Even I was shocked by that. You think when a man puts on his priest’s robes, he transcends his humanity. No masculinity. No troublesome sexuality. But it doesn’t work like that. In the end, I saw through those vestments. I saw his nakedness. The more fervent his sermon on that altar, the more anguished his prayer, the more I knew he burned.
He was disappointed that day I was late, began the mass with sullen heaviness. Then the door banged and it was like a match hitting petrol. I felt, rather than saw, the effect, the connection blazing silently between us from him on the altar to me at the door. It wasn’t that he faltered; there was no hesitation, no stumble in his words. But I saw the awareness ripple through his body. Every tiny movement, every gesture, every almost imperceptible glance, became like a series of dots and dashes in our own
personal
Morse code. He knew I was there. And I knew that he knew.
We died together slowly. It took a year all in, from start to finish, though it was only after six months that we started
renting
the hotel room. In those early months when he needed to be held, I held him purely. Wanting more but expecting nothing. Sometimes, I thought he almost enjoyed the anguish of it, the torture. Suffering was grace.
We ended up in bed together for the first time only when he came back from Peter Gallacher’s house, after Peter’s wife Eva passed away. She was thirty-five. She left four kids under ten and Peter just sat there looking bewildered while the youngest screamed for a bottle. Father Dangerous said it was only when he got up to go that Peter had looked at him properly for the first time since he came into the house. “Will you pray with me, Father?” he said.

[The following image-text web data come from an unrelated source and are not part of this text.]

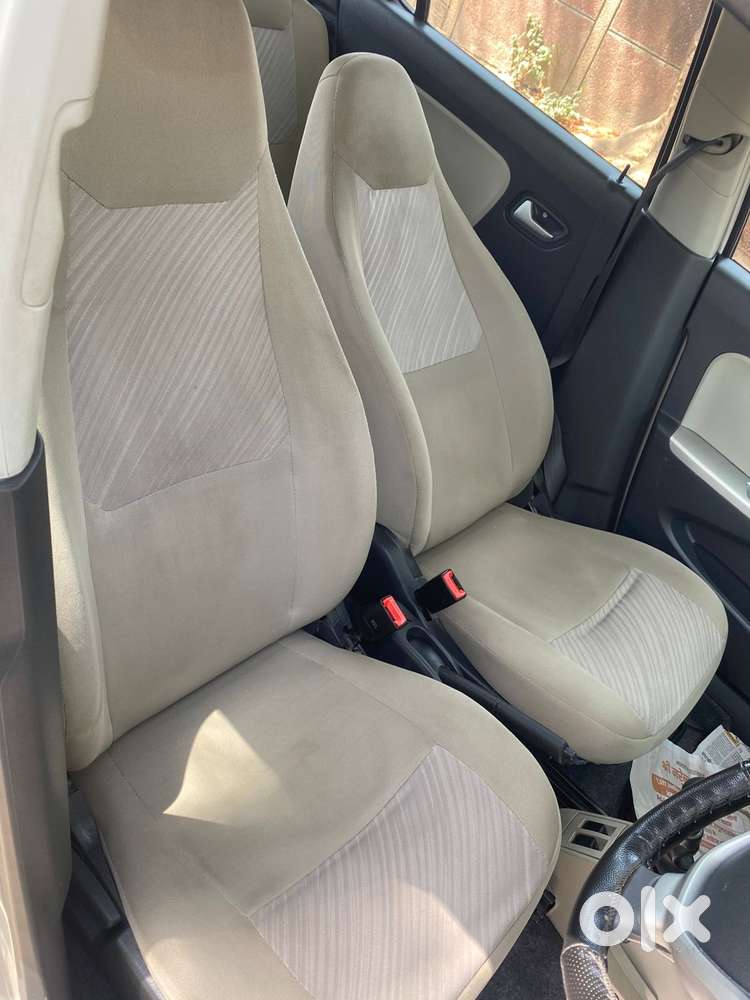 Maruti Suzuki Alto K10 Vxi (o), 2016, Petrol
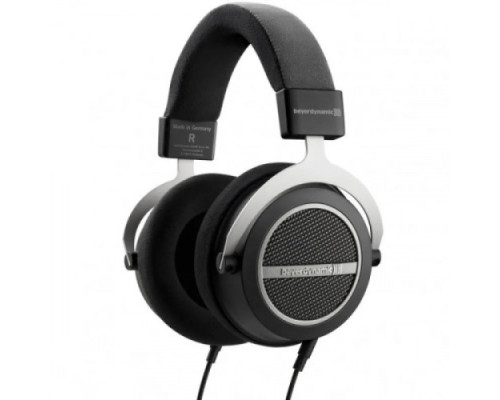 Beyerdynamic Amiron home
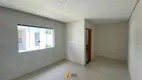 Foto 13 de Casa de Condomínio com 3 Quartos à venda, 181m² em , Igarapé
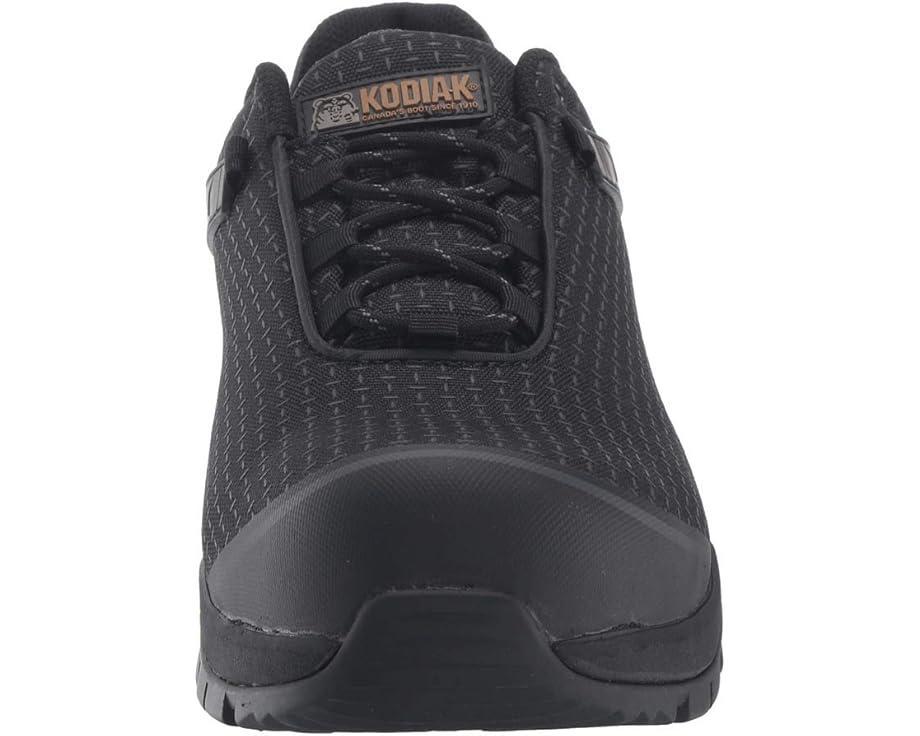 MKT 1 Composite Toe Hiker Product Image
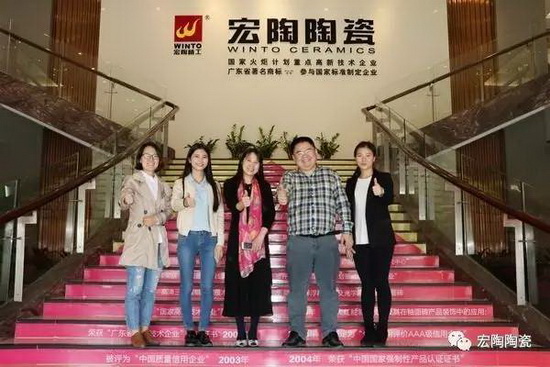 ag亚娱集团·(中国)官方网站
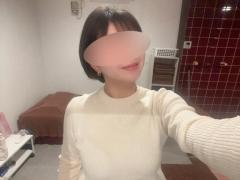 来週の出勤日！確定しました！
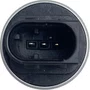 Sensor Pressao Ar Balao Scania P G R 1889798 2020259 Original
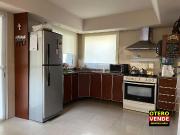 Importante Casa en Venta en Barrio Las Candelas, Lujan...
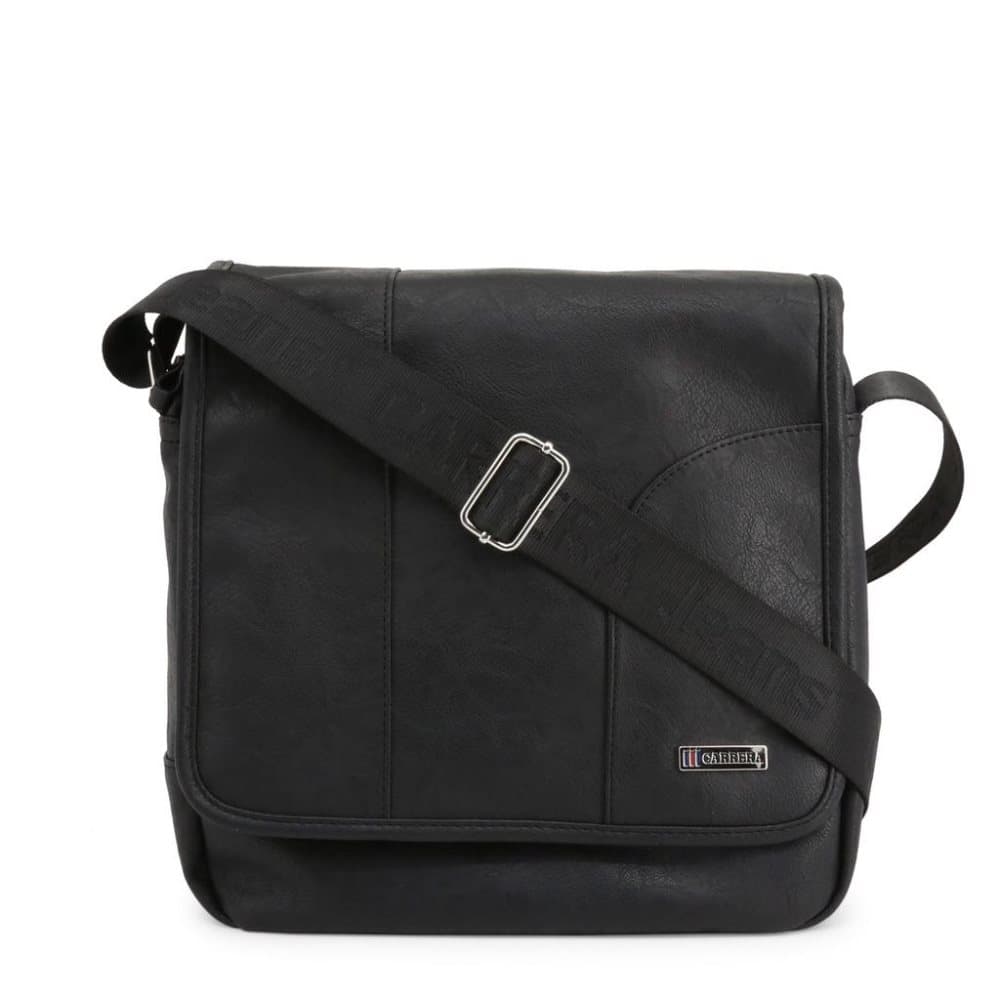 Carrera Jeans HOLD CB2503 skuldertaske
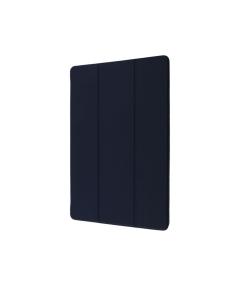 Чехол для планшета Lenovo Tab P12 12.7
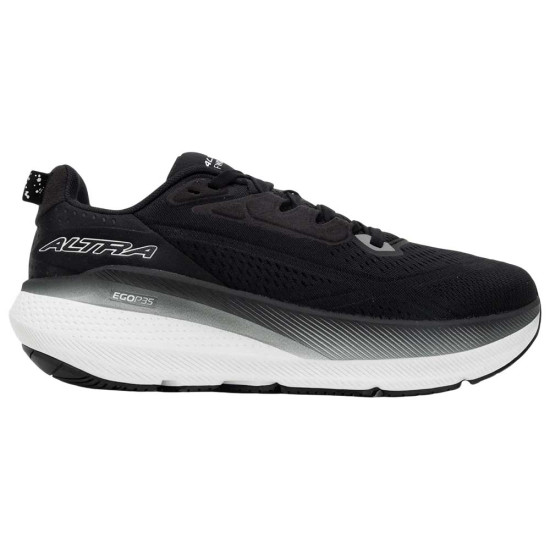 Altra FWD Via 2 W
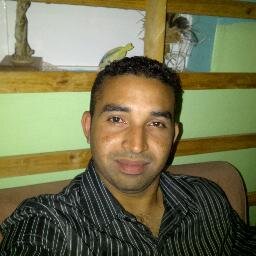 GaliciaManaure's profile picture. AMO A DIOS SOBRE TODAS LAS COSAS LIC. GESTION SOCIAL, AMANTE DE LA MUSICA QUE MINISTRE SU PRESENCIA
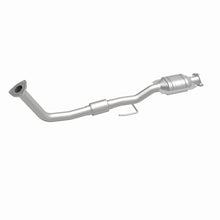Load image into Gallery viewer, MagnaFlow Exhaust Products 441769 California CARB Direct-Fit Catalytic Converter for Select Toyota Camry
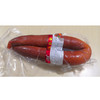 【9.9元/袋】大海老汤排骨肠450g（6939469670940） 商品缩略图0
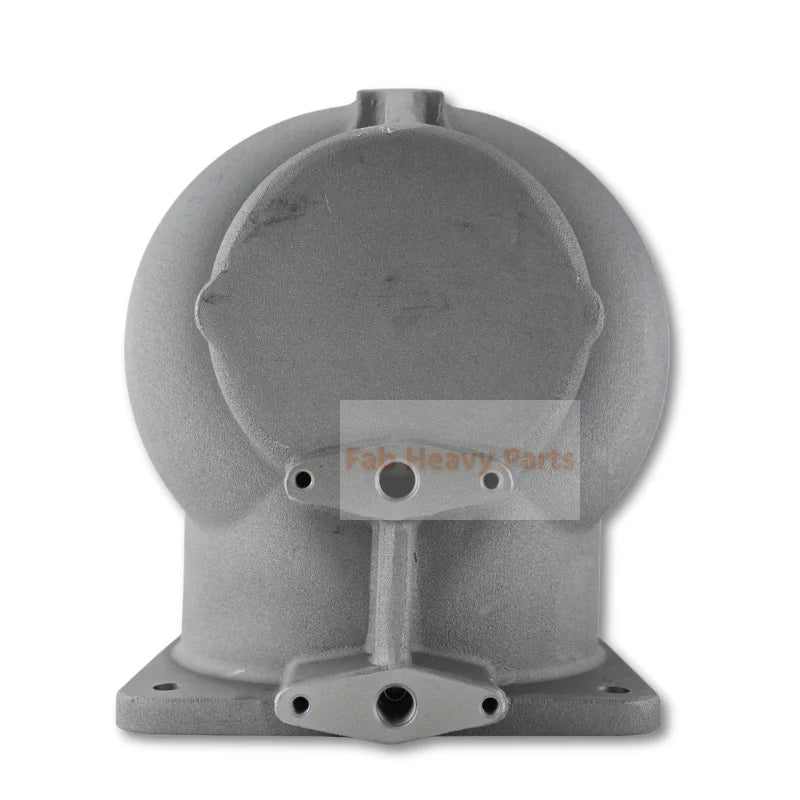 Intake Valve 1626215300 1626215380 for Atlas Copco Air Compressor XRYS1150 XRXS1275 XRVS1350 XRVS617 XRHS930 - Fab Heavy Parts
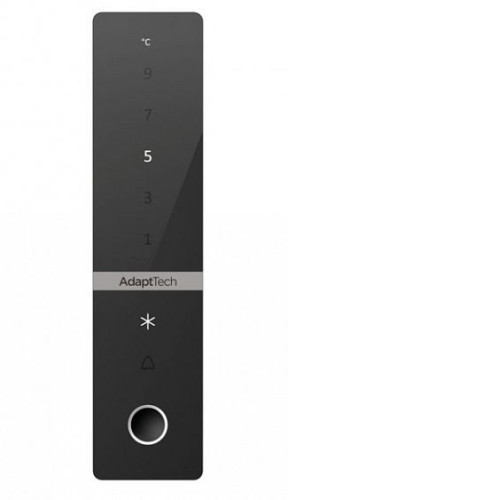 Холодильник GORENJE nrk 6201 mw
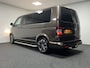 Volkswagen Transporter 2.0 TDI L2H1 4Motion DC Comfortline | CRUISE CONTROL | TREKHAAK | AIRCO |
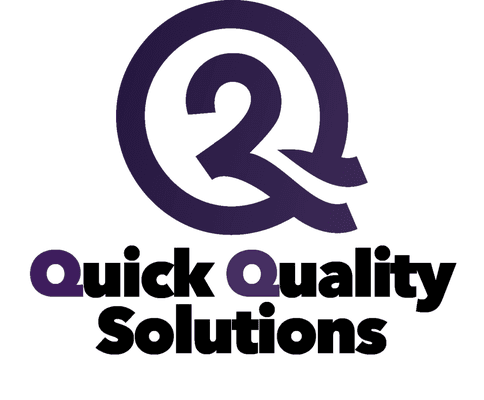 Q2 Logistics Solutions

It touched him that, the simple faith of it. His own faith wasn’t simple; it was a tangled web of love and devotion and doubt and insecurity. He’d come back from Peter’s changed somehow. He saw how fragile life was. I think that night he was frightened he would die without knowing what it was like to be with a woman. He phoned me and asked me to meet him in a pub in town. It was the first time he had ever turned up not wearing his collar. His collar was his guard; I knew immediately the significance of its absence.
He greeted me with a kiss, held me close. Reckless he was that night, and it was I who burned then. His lack of caution made his desire for me seem so intense that I mistook it for love. I had imagined this relationship so often that when it finally
happened
, it seemed more important than it really was. To be that wanted, that needed, that important; it was everything. But it never lasted. The heat of his recklessness was always followed by a cold shower of guilt and remorse. Even that first night.
I told him in the end to choose, because I knew he never would unless I made him. It took me a while to make the
ultimatum
because inside I always knew what the choice would be. I had to make him say it. But he never could. Not even at the end. I gave him a date and told him he had until midnight to phone.
I lay in bed that night, my phone lying on the bedside table and switched to vibrate. At two minutes to midnight, the phone began to buzz, moving slightly on the cabinet top with the
vibration
. I picked it up and said nothing. The caller said nothing. We sat in silence for a while.
“Rebecca,” he whispered finally, and then his voice broke.
I looked at the phone in the palm of my hand for a moment before gently pressing ‘end call’. I switched the phone off so that it couldn’t ring again, then flicked the bedside light, and lay
staring
into the darkness until my eyes adjusted to the lack of light, and I saw things the way they really were.